Top of Records to use
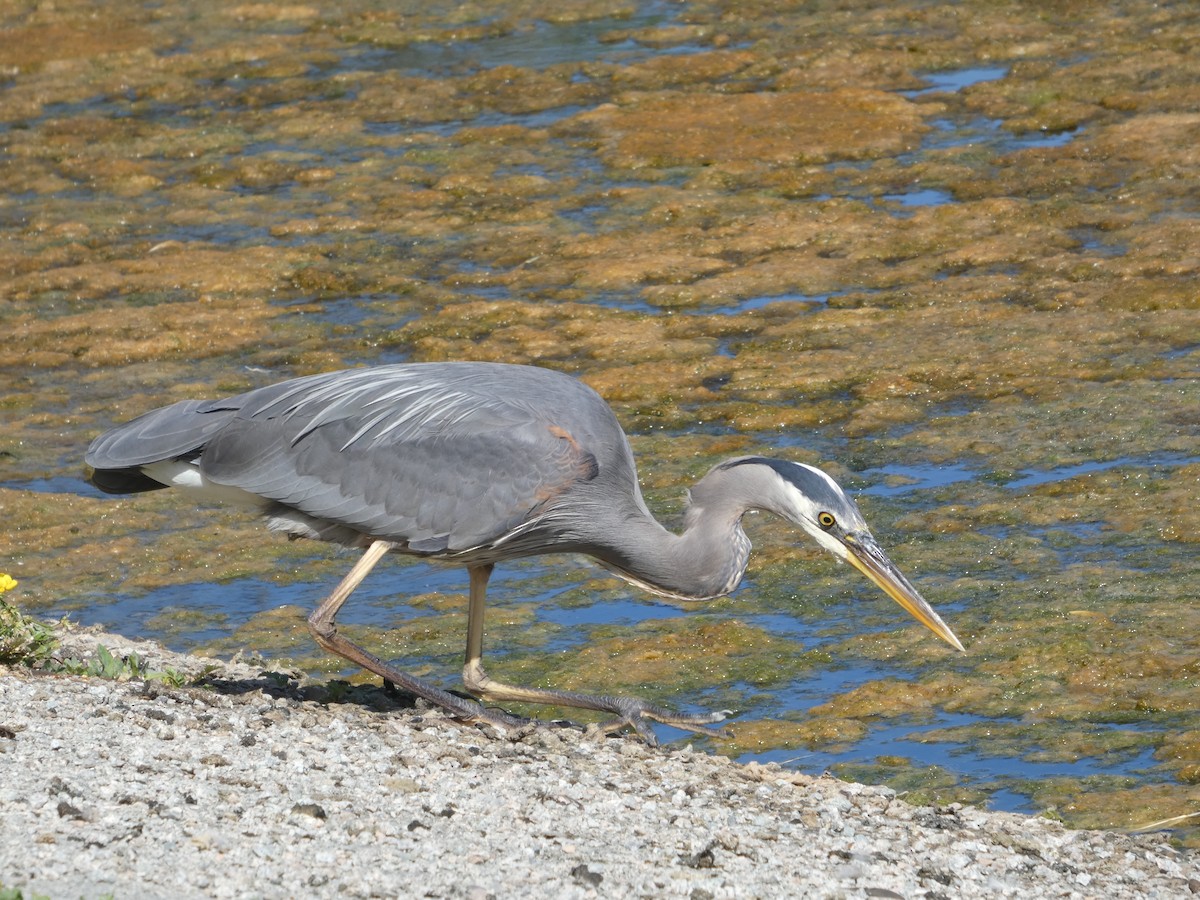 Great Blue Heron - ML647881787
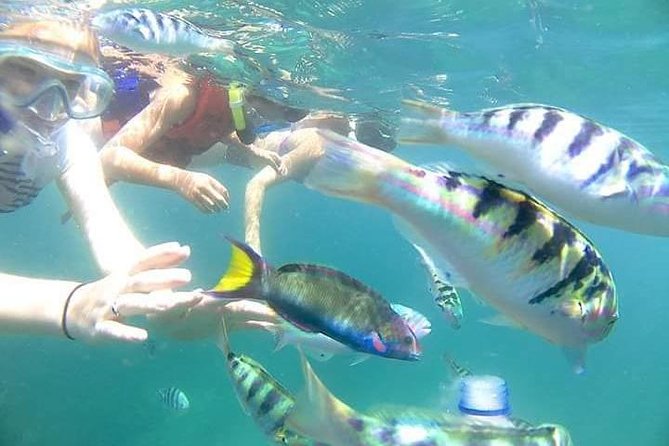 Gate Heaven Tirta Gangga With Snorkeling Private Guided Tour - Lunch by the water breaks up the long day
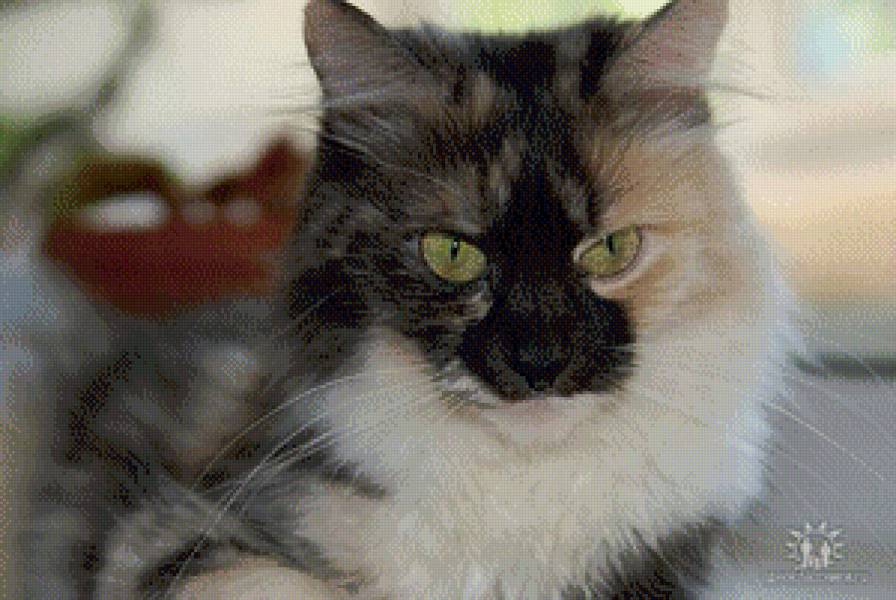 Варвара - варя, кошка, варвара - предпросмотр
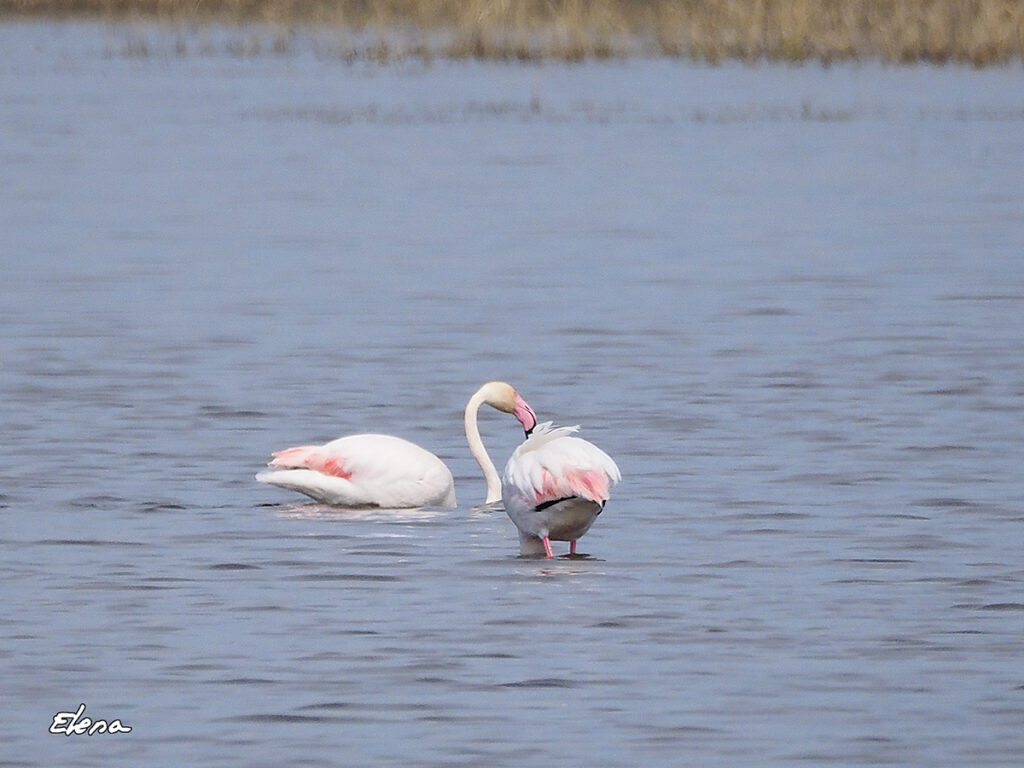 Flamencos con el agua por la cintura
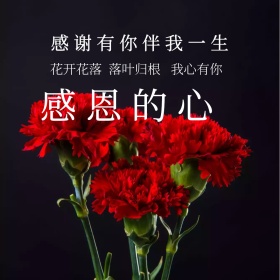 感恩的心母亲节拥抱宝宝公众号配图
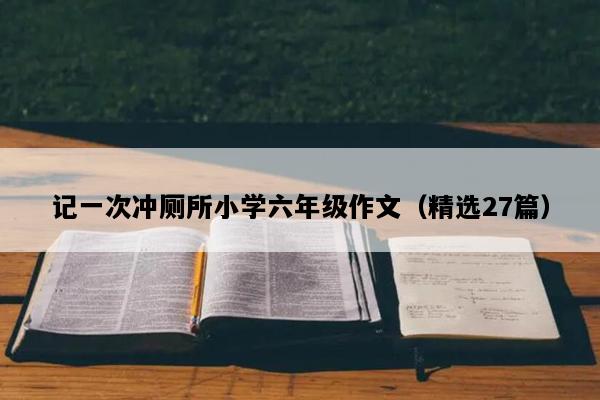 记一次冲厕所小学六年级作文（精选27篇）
Bottom of Records to use
### Assignment
Once the pictures are set aside, what is needed is the lines from the line with "Варвара - варя, кошка, варвара" through the end of the data, written out exactly and alone.

### Answer to this task
 Варвара - варя, кошка, варвара - предпросмотр
 Flamencos con el agua por la cintura
 感恩的心母亲节拥抱宝宝公众号配图
 记一次冲厕所小学六年级作文（精选27篇）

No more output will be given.